Seinfeld opened the show up, after riding on a fake cable car (you know, the ones with wheels) to a yellow carpet. He told us that he has been working on this film for three of four years, and that the film would finally be finished later this week. I'm still a bit skeptical as to why we were unable to view the almost completed film, instead of clips. But my hesitations would soon be put to rest. Seinfeld recounted the story of how the project came to be. Steve Spielberg asked Jerry if he had any ideas, while having dinner in the Hamptons (oh, how good it must be to be rich). Seinfeld blurted out that he would like to make a movie about Bees and call it The Bee Movie. It was just a joke, but Spielberg thought he was serious.
"It was just a title, he insisted that I make a movie, and now four years later, I have now done that!" said Seinfeld. "Whatever he tells you to do, you have to do it, because he is the King of the Jews!"
Seinfeld joked briefly about the current crisis in the Bee community, where bee colonies are collapsing.
"This is actually a publicity stunt by Dreamworks to sell the movie, and as soon as it's released, we will replace all the Bees!"

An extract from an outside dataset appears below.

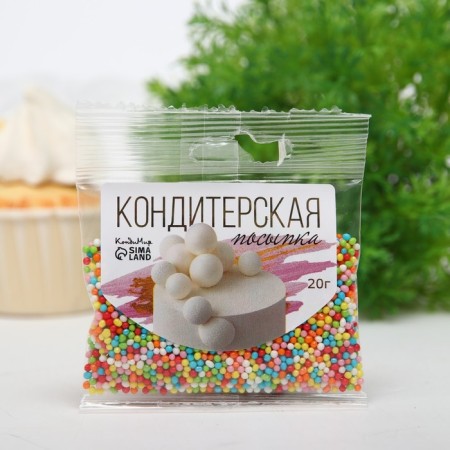 Sprinking confectionery "beads" mix, 20 g-1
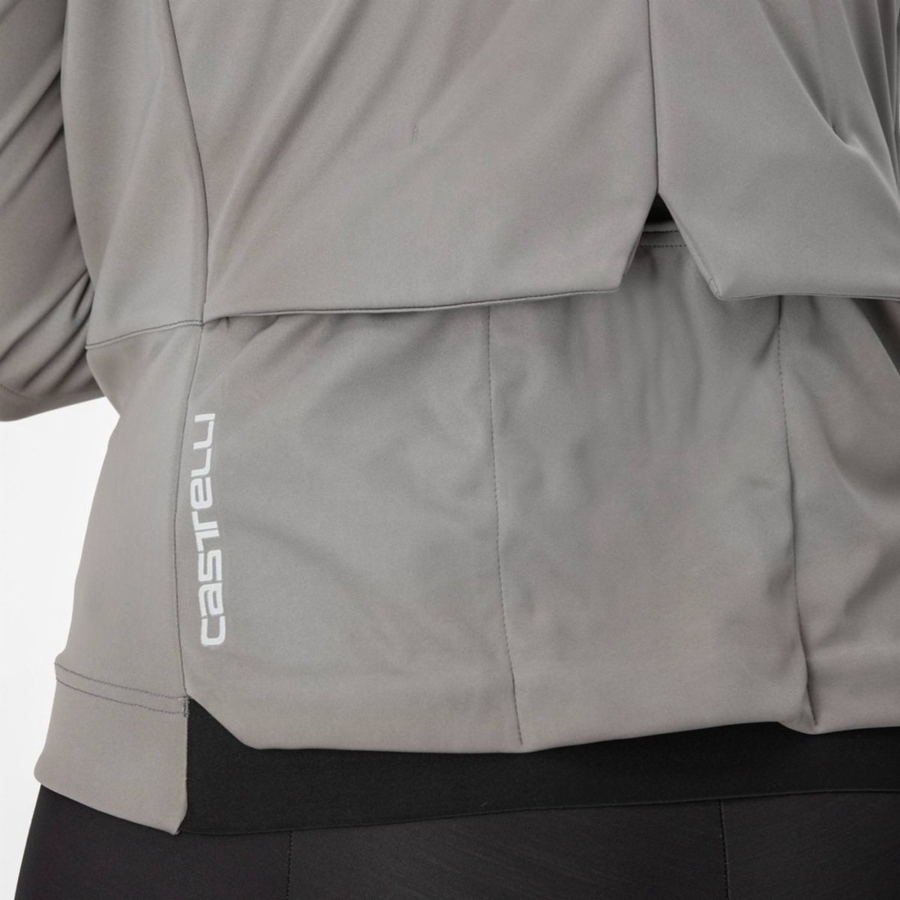 Chaquetas Castelli VENTO TRAIL Mujer Gris | 716-MKIQBP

Someone asked if the movie was completely animated, as some people were confused by the early teaser trailers which showed the voice stars in bee suits.
"Totally! So don't freak out! You think you might see a real human? You Won't! It's only a cartoon!"
Someone else in the audience asked "Is the movie about something?"
"No, it is not!" Seinfeld quickly replied. "It's more of the same nonsense and drivel that I have forced upon the American public. I've been doing very well with it!"
On NBC they will be running a series of 22 one to one and a half minute "small little bite-sized entertainment pieces" called "TV Juniors". Seinfeld describes the segments as "little silly looks at what the experience of making this movie has been for me." The segments will premiere on tv and later on You Tube. We got to see two of these segments.
The first began with Seinfeld walking through the Dreamworks headquarters where everyone was asleep, while he joked about why the animation process takes so long. The segment ended with girls in bikinis jumping around in soap bubbles in the Dreamworks water fountain.
The second TV Junior shown was much, much funnier. Titled "Idiot with Coffee", the segment featured a production assistant named Carl who offers Seinfeld and his writing team and idea during the scripting process: "What about a scuba-diving bee?" Seinfeld ridiculed him and sent him walking, right before one of the other writer's name is Carl SPIELBERG. Cut to the same office, and Carl is now "head writer" and Seinfeld is pouring coffee for him. This segment had everyone in the audience laughing out loud.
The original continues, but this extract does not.